= Annie C. Shaw =

American painter

Annie Cornelia Shaw (September 16, 1852- August 31, 1887) was an American landscape painter.

== Biography ==
Annie C. Shaw was born in West Troy, New York and grew up in Chicago, Illinois. She studied with painter Henry Ford and was elected an Associate of the Chicago Academy of Design in 1873. Shaw exhibited a painting, Illinois Prairie, at the Philadelphia Centennial Exposition in 1876. That same year she was elected an Academician by the Chicago Academy of Design. She was the first woman to earn this status.

Shaw's style was influenced by the Barbizon school of painters. She often painted en plein air, traveling the country to paint the Adirondack Mountains, the coast of Maine, and the Western prairies.

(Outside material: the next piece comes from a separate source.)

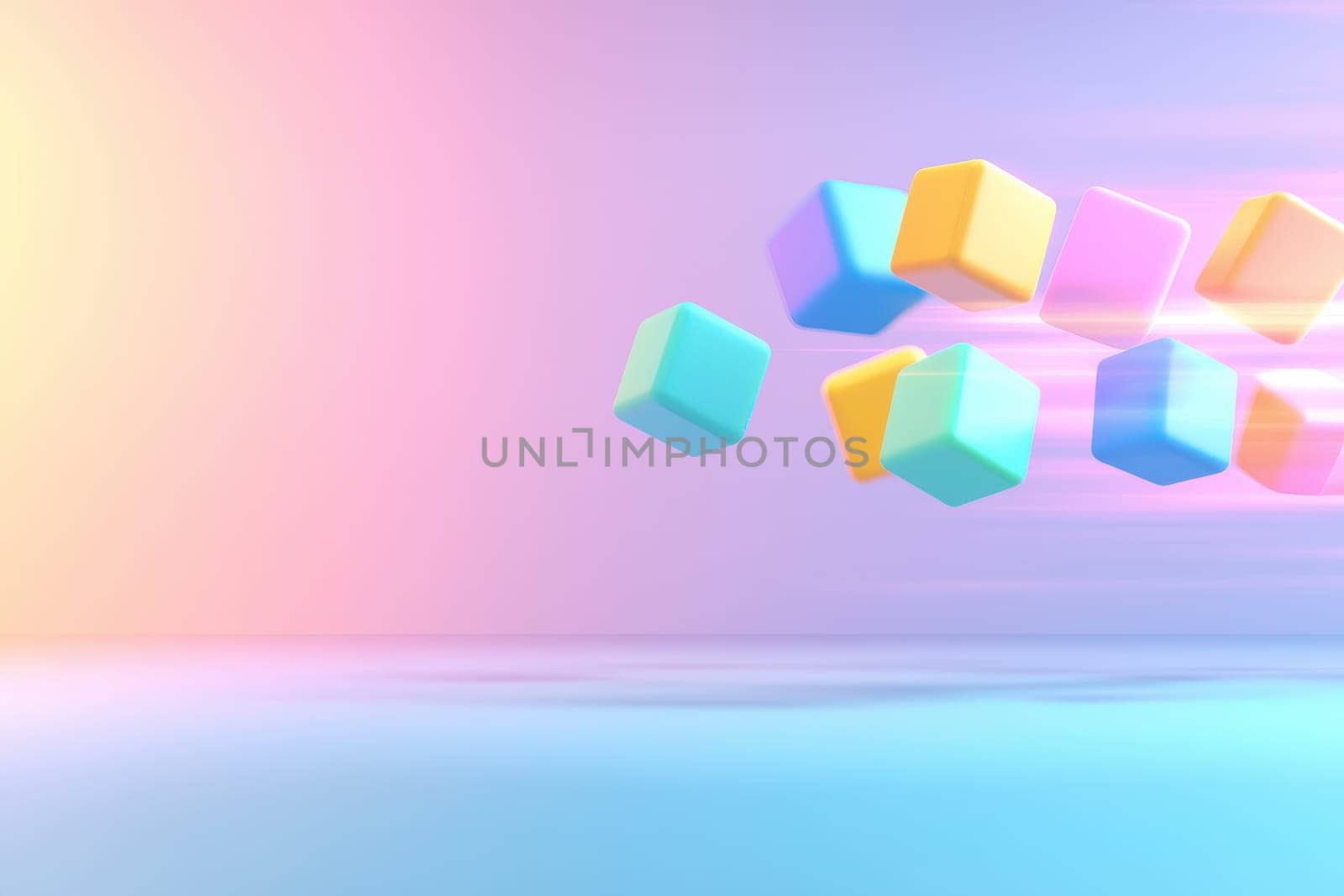 Bouncing colorful cubes create vibrant and dynamic scene.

Shaw was a well-respected art teacher in Chicago, and among her students was painter Minerva J. Chapman.

Her paintings were shown at the Pennsylvania Academy, the Metropolitan Museum of Art, and the Boston Museum of Fine Arts. Shaw was elected an honorary Associate of the Chicago Art Institute in 1886, and the museum acquired two of her paintings in the 1890s. Those paintings were later sold into private collections.

Annie C. Shaw died in August 1887 in Chicago.